The Open Sea: Ancient Economic History during the Iron Age

Hercynian Forest
3 min readAug 3, 2021

When I was looking for some up-to-date works on ancient and medieval economic history, I came across this gem on a random economics website before I went ahead and ordered it on Amazon.

It’s a useful survey of ancient economic life around the Mediterranean written by J.G. Manning, a Yale scholar and former Stanford professor. Notably, he’s a credited colleague of Walter Scheidel, Ian Morris, and their ilk of economic historians of antiquity.

I found it to be highly fascinating and epiphanic, especially due to its multitude of facts and statistical data, the specificity of which intrigue me.

Yet, it didn’t give off the vibe of being a true pageturner.

The book is densely written and filled to the brim with a cogent and extremely thorough explanatory account, thought-provoking details, and expert analytic insights into the development of Ancient Mediterranean economic life.

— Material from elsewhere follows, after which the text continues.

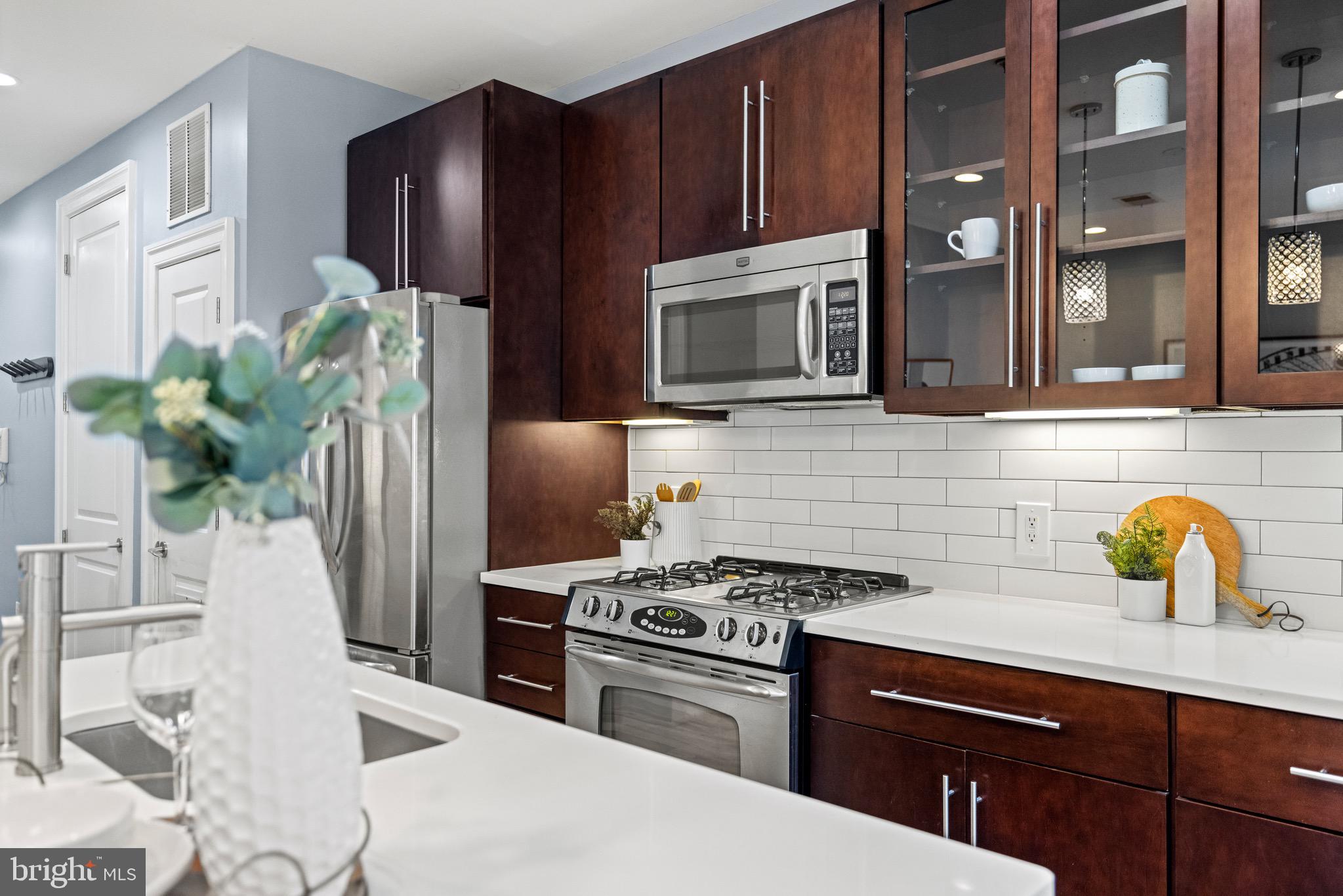 444 M St NW #5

I felt that I learnt quite a few things, e.g. that Rhodes was the commercial and maritime hegemon of the eastern Mediterranean at the time when Rome prevailed over Carthage around 2nd century B.C.E. This was due to the island’s strategic location and its vital trade links with Ptolemaic Egypt. Additionally, Rhodes was apparently infamous for fighting pirates, being the strongest counter-force against piracy in the period.

The Open Sea also took care to include the largely unexplored, or at least underappreciated, field of Near Eastern political economies, such as Babylonia, Assyria, Achaemenid Persia, and Egypt. Manning stresses their undervalued potential as points of historical comparison with other times and places.

The work thus manages to escape the grasp of Eurocentrism by continously reaffirming the importance of cross-cultural exchange in fostering innovation and novel ideas.

It deserves praise for being a highly accessible work to the general readership, without sacrificing too much in the way of scholarly accuracy.

Whilst there are some wonky statistical tables which non-mathematically inclined people might find a bit arcane in some of their particular granularity, it’s not fatally incomprehensible.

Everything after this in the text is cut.